▸ Your objective:
Among the entries below, the lines from the one with "a living room" up to and including the one with "walk in closet" are to be restated exactly, without pictures.

▸ Data shown:
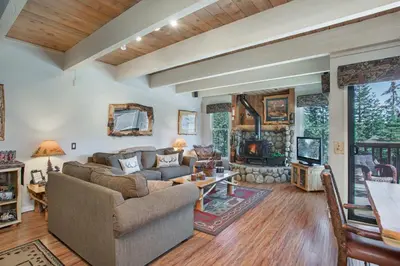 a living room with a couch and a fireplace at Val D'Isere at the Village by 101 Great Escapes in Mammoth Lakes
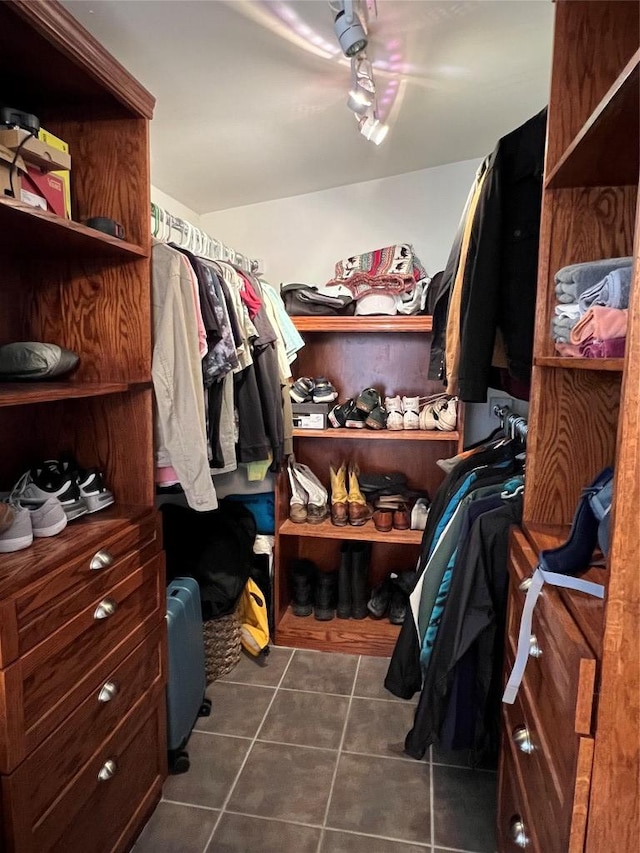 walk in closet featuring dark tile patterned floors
--
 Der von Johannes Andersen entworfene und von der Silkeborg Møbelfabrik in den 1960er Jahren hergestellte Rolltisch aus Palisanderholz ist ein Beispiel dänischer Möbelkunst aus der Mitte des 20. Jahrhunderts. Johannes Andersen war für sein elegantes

▸ Written response:
 a living room with a couch and a fireplace at Val D'Isere at the Village by 101 Great Escapes in Mammoth Lakes
 walk in closet featuring dark tile patterned floors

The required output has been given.